Working data:
'''
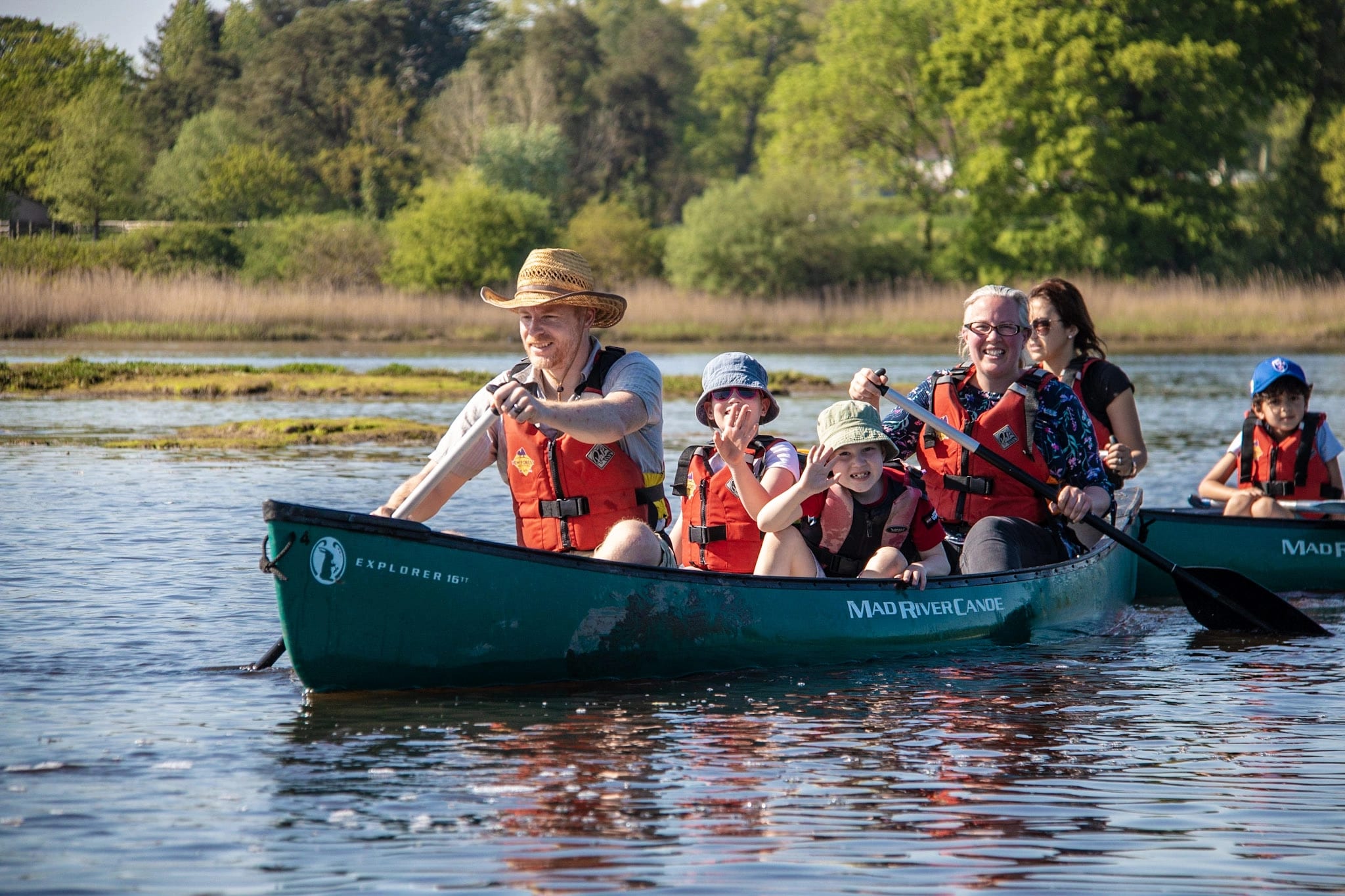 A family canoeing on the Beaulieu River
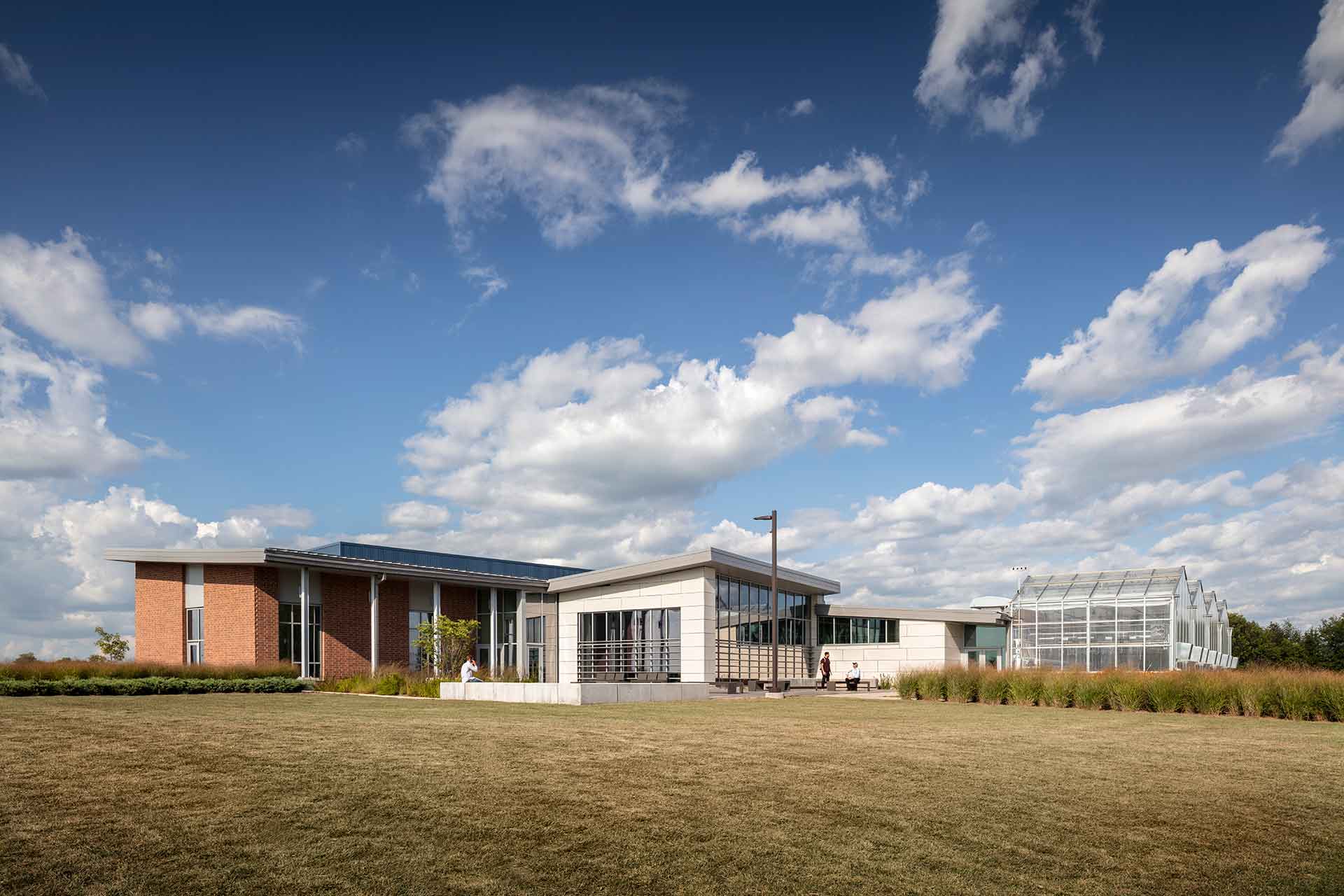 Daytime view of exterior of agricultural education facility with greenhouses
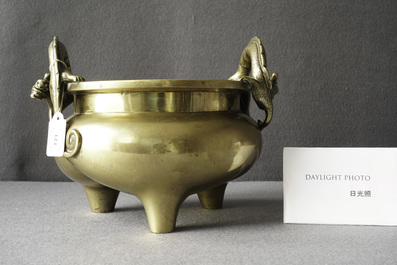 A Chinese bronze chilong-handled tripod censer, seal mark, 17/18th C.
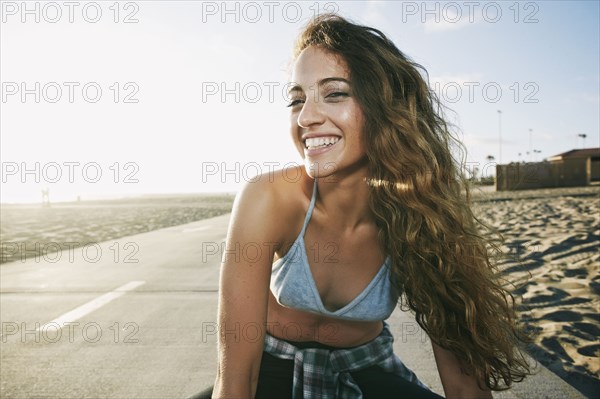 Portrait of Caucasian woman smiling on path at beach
'''
'''
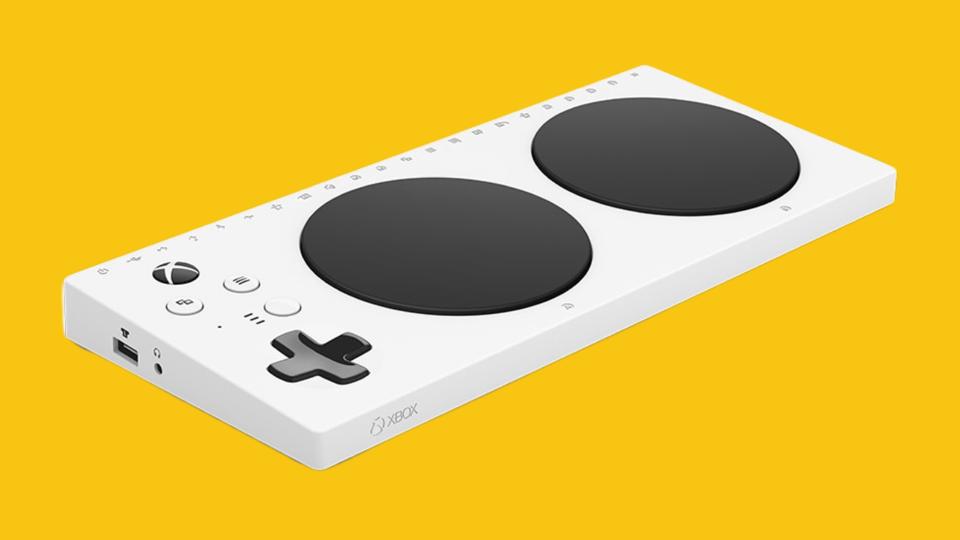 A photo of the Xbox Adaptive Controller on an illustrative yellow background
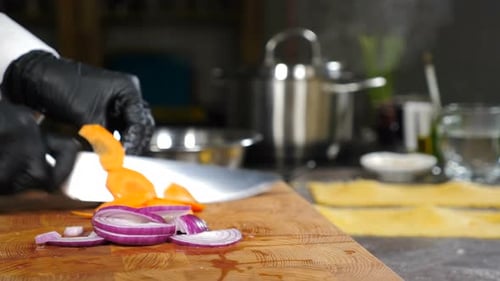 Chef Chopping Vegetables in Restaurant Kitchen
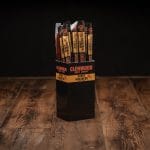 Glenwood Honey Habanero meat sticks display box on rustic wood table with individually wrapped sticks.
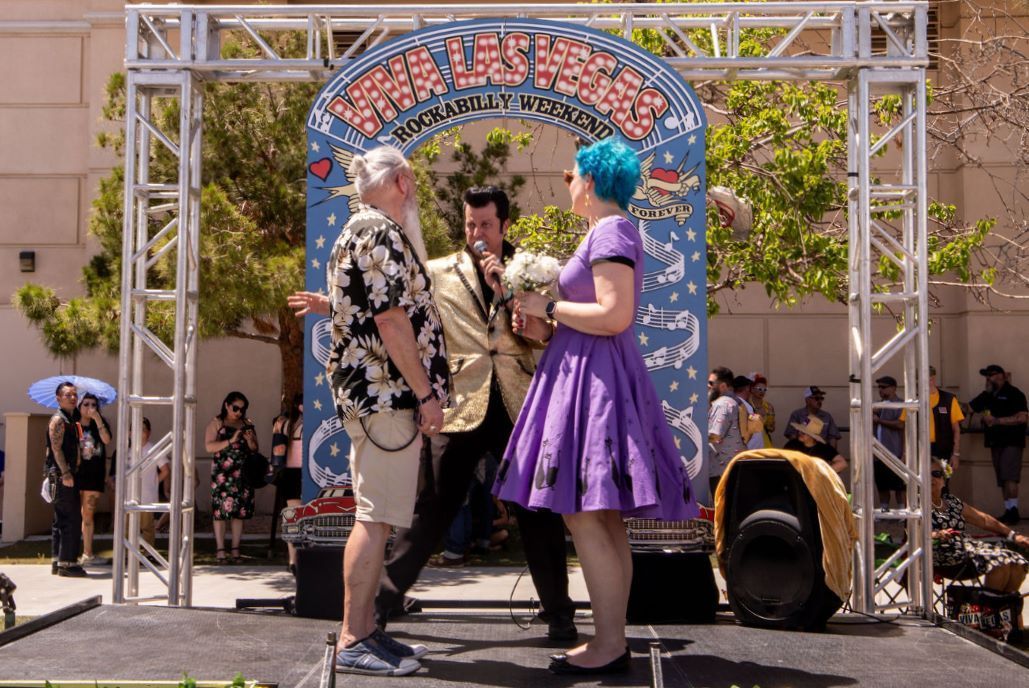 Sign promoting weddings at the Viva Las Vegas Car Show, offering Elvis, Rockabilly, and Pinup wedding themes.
'''
Excluding any pictures, print exactly the lines of the listing above from the line with "A photo of the" to the line with "Glenwood Honey Habanero", both ends included.

Solution to the exercise:
 A photo of the Xbox Adaptive Controller on an illustrative yellow background
 Chef Chopping Vegetables in Restaurant Kitchen
 Glenwood Honey Habanero meat sticks display box on rustic wood table with individually wrapped sticks.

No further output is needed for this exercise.